# New commuter, do-it-all Ritchey cross bike



## tarwheel2 (Jul 7, 2005)

My LBS just finished building up my new commuter, do-it-all bike -- a Ritchey Breakaway Cross. I've been wanting a cross bike for a while since I no longer own a mountain bike and have always loved the Ritchey Swiss Cross (one of my holy grails). Altho I never found a Swiss Cross, I got the next best thing -- and perhaps better for my purposes.

I'll be using the bike for commuting as well as trail rides and light touring, and the Breakaway Cross has mounts for fenders and racks, which the Swiss Cross does not. Plus I love the orange-and-gray color scheme, which Ritchey only produced for a short while. Just picked up the bike yesterday so I haven't had an opportunity to ride it except for around the parking lot, but I think it's going to be a winner.

I put Rivendell Jack Brown tires on it for road use so I won't have to reset my computer when I use my wheelset with 32 mm cross tires for off-road use. It should ride super comfy.

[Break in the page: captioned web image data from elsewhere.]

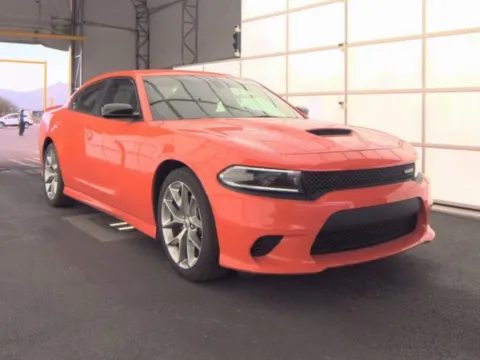 Another view of 2023 Dodge Charger GT for sale in El Paso, TX at RightDrive - El Paso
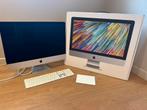 iMac 21.5'' Juin 2019, Informatique & Logiciels, Apple Desktops, 8 GB, Utilisé, 1 TB, HDD et SSD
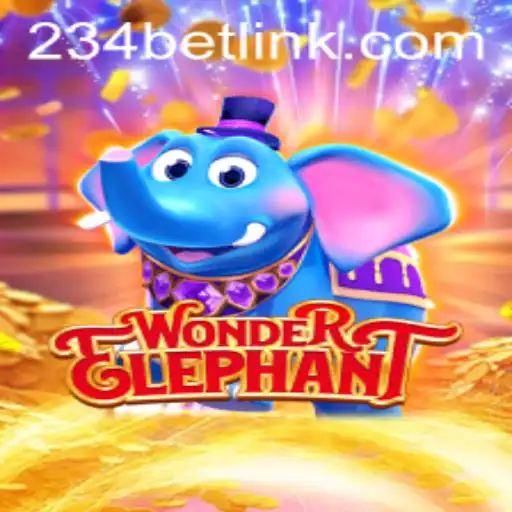 WonderElephant: Unveiling the Exhilarating New Game Adventure with 234bet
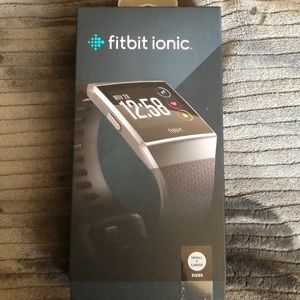 Fitbit Ionic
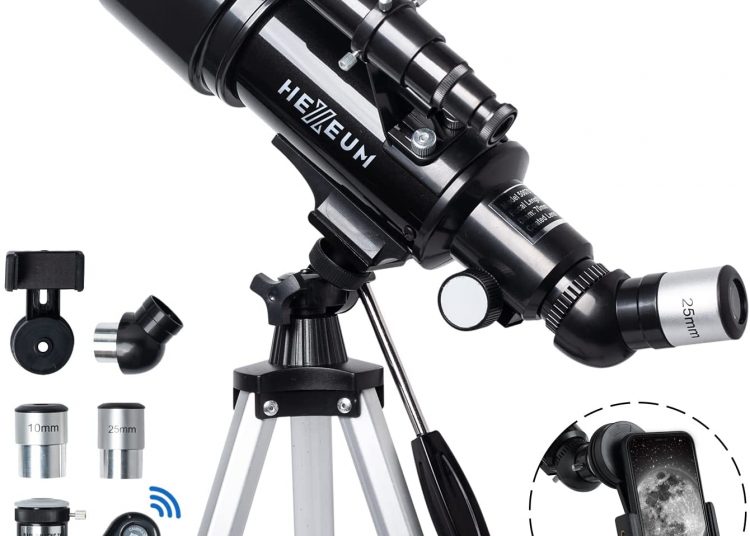 Astronomical Telescope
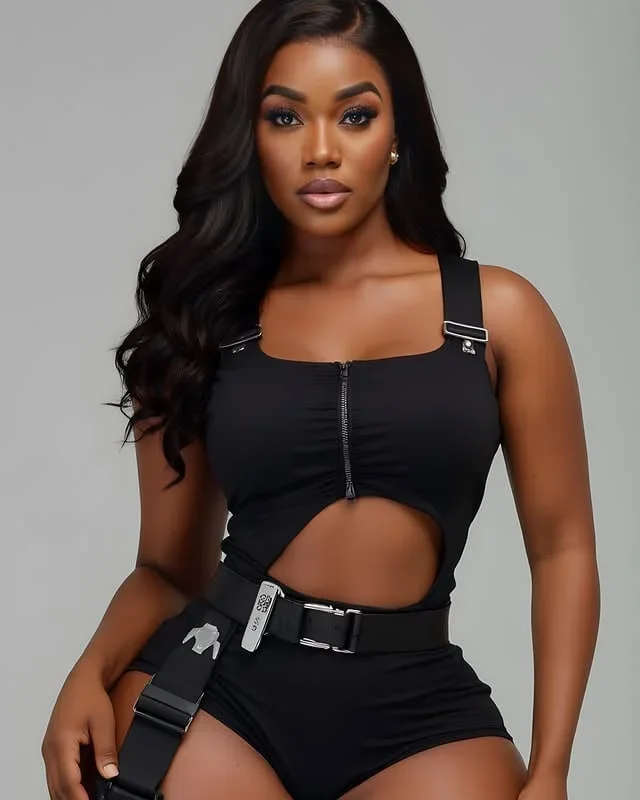 Jéssica Pitbull image 0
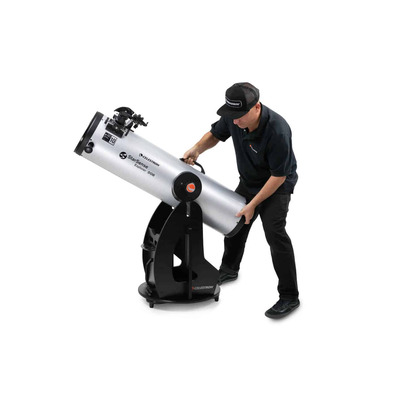 Telescopio Celestron StarSense Explorer Dobson 10''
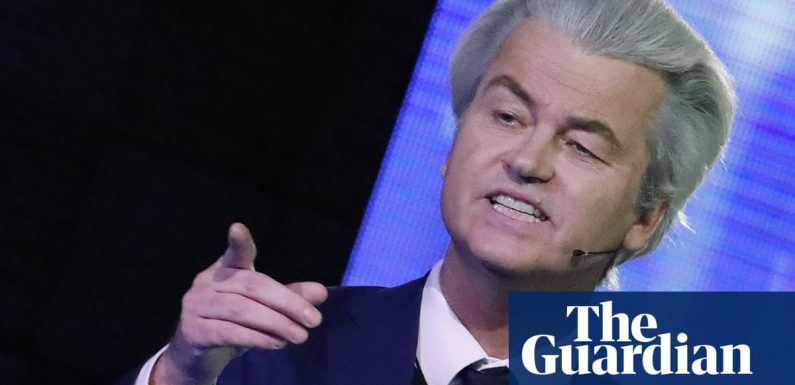 Facebook’s only Dutch factchecker quits over political ad exemption
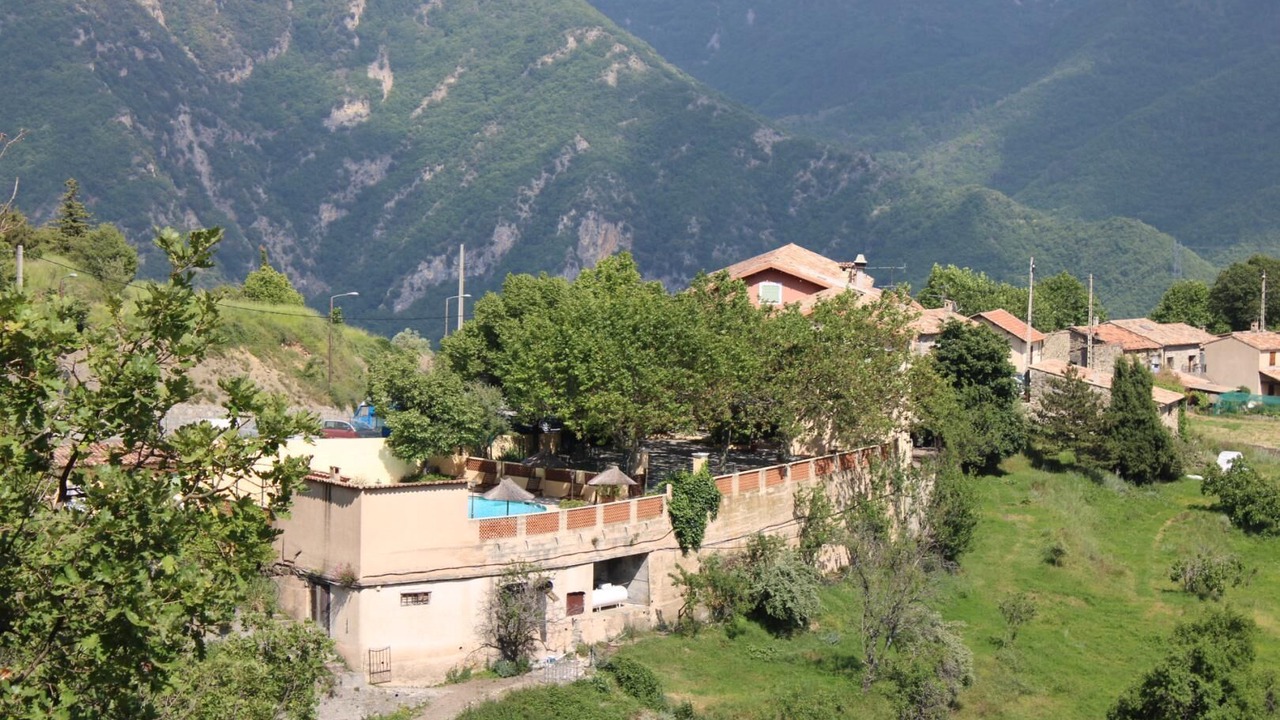 Photo of Outdoor in Utelle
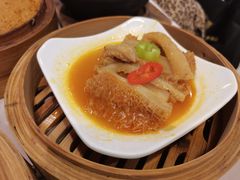 -柳州饭店·绿岛餐厅(友谊路店)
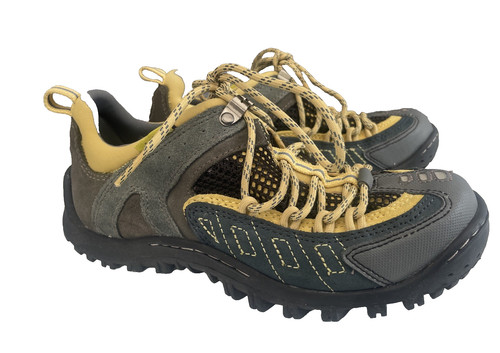 Fat face grey yellow canyon - fat,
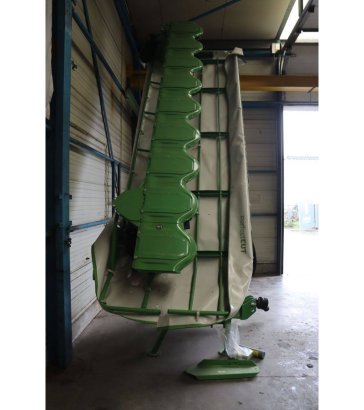 Disc Mower SaMASZ XT390 2023 New Samasz XT 390 2023 1 image 4
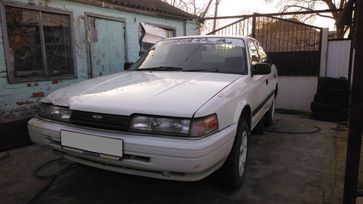  Mazda Capella 1989 , 50000 , 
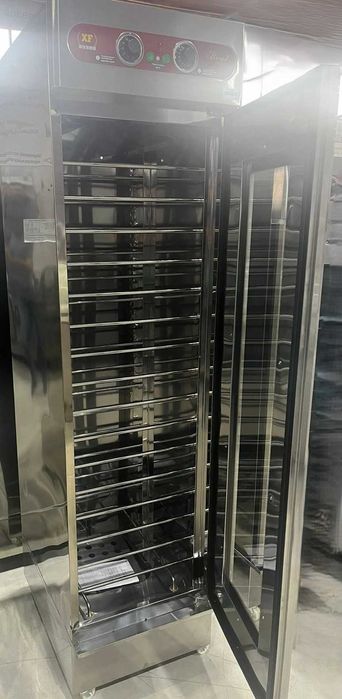 Шкаф расстоечный на 32 листа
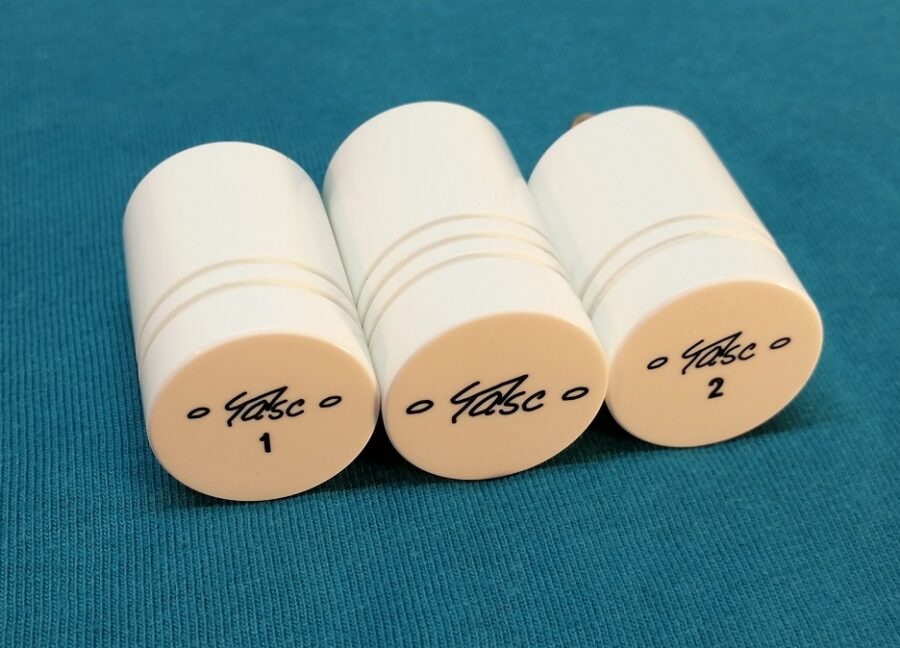 Joint Protectors Plastic/ Tascarella - Image 6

The bonus is that it came with a travel case, and it will pack down to the size of a large suit case, so I can use it for cycling in other parts of the country. I usually ride 1-2 bike tours every year but have previously restricted my trips to those within driving range. Now I can fly across the US and take a bike with me. Hello Oregon!


----------



## commutenow (Sep 26, 2004)

Awesome color combination. Have many great rides on your bike.


----------



## Kristatos (Jan 10, 2008)

That's one of the nicest setups I've seen in a while. A breakaway or some S&S coupled frame is definitely in my future. I agree on the paint scheme of yours looking dope and the tires tape and seat set it off nicely. Well done.


----------



## joemastro (Nov 21, 2008)

Love the color. Bike looks great. Have fun!


----------



## 55x11 (Apr 24, 2006)

tarwheel2, this is fantastic! I strongly believe Ritchey Breakaway Cross is *THE* most versatile bike ever built, everyone must have one. It's like swiss knife of bikes.

I am a bit nostalgic about orange and grey color scheme (what year model is this)? I agree with others, nice color choice. You will love it!


----------



## tarwheel2 (Jul 7, 2005)

To be honest, I don't know the year model because I bought the frame used. However, I'll check the bottom bracket to see if it is stamped in the serial number. I think they sold the orange-gray model for only one year and I've had my eyes open for one ever since. Saw this frame posted for sale on eBay within the last 10 minutes of the auction, submitted a last second bid and won it. Couldn't believe my luck.


----------



## 55x11 (Apr 24, 2006)

tarwheel2 said:


> To be honest, I don't know the year model because I bought the frame used. However, I'll check the bottom bracket to see if it is stamped in the serial number. I think they sold the orange-gray model for only one year and I've had my eyes open for one ever since. Saw this frame posted for sale on eBay within the last 10 minutes of the auction, submitted a last second bid and won it. Couldn't believe my luck.


Based on coloring scheme, I think yours is 2009 model.


----------



## Tachycardic (Mar 31, 2013)

I love this bike. Always regretted not getting one. Congratulations!


----------